Forte concorrência dos produtos substitutos tecnológicos, como

smartphones, i-pod, i-pad, notebooks etc.

Crescimento dos ateliês de design e lojas de varejo, que passaram a

produzir uma parte de seus produtos, concorrendo com a indústria

joalheira tradicional. Aqui, cabe ressaltar os dados fornecidos pelo IBGM

(ver figura 4): são 14.000 varejistas (potenciais compradores das 4.000

indústrias) que começam a competir com essas indústrias.

Às pesquisas apresentadas acima, é importante acrescentar os dados

levantados através de entrevistas feitas com especialistas (ver Anexo 1 e Quadro

1, no item 1.4), que complementam o cenário atual das empresas fabricantes de

joias brasileiras. Os critérios de seleção das empresas entrevistadas foram

apresentados na Introdução desta Tese, no item Metodologia.

Das nove empresas entrevistadas, duas são de pequeno porte e as

demais de médio porte. Ao serem questionadas sobre seus pontos fracos e

fortes, sete empresas citaram diretamente o design como ponto forte; nas outras

duas, o design aparece embutido em outras qualidades, como visão à frente e

estilo adotado.

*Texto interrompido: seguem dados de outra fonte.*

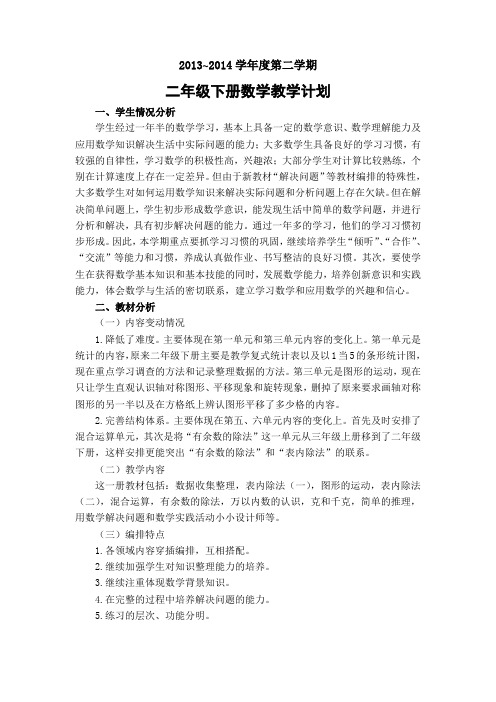 义务教育教科书数学二年级下册教学计划.2014春季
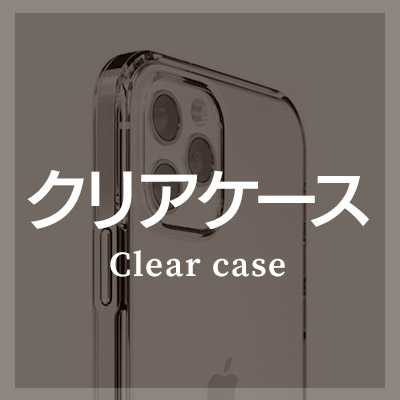 シンプル クリア iPhoneケース 耐衝撃
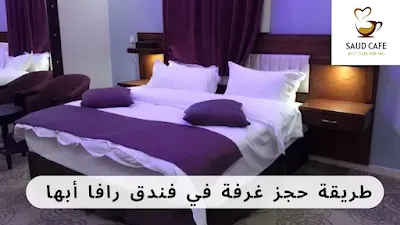 طريقة حجز غرفة في فندق رافا أبها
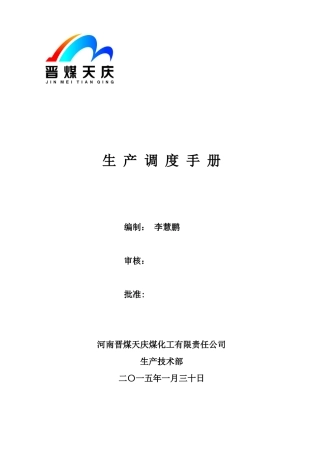 生产调度手册(130)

O presidente da Denoir aponta o design e a ética como fatores

que caminham em paralelo: “acho que não adianta ter design e não ter uma

cultura adequada; e não adianta ter uma cultura adequada e não ter design”.

Segundo ele, a ética deve estar presente na atitude tanto em relação aos

funcionários como em relação aos clientes.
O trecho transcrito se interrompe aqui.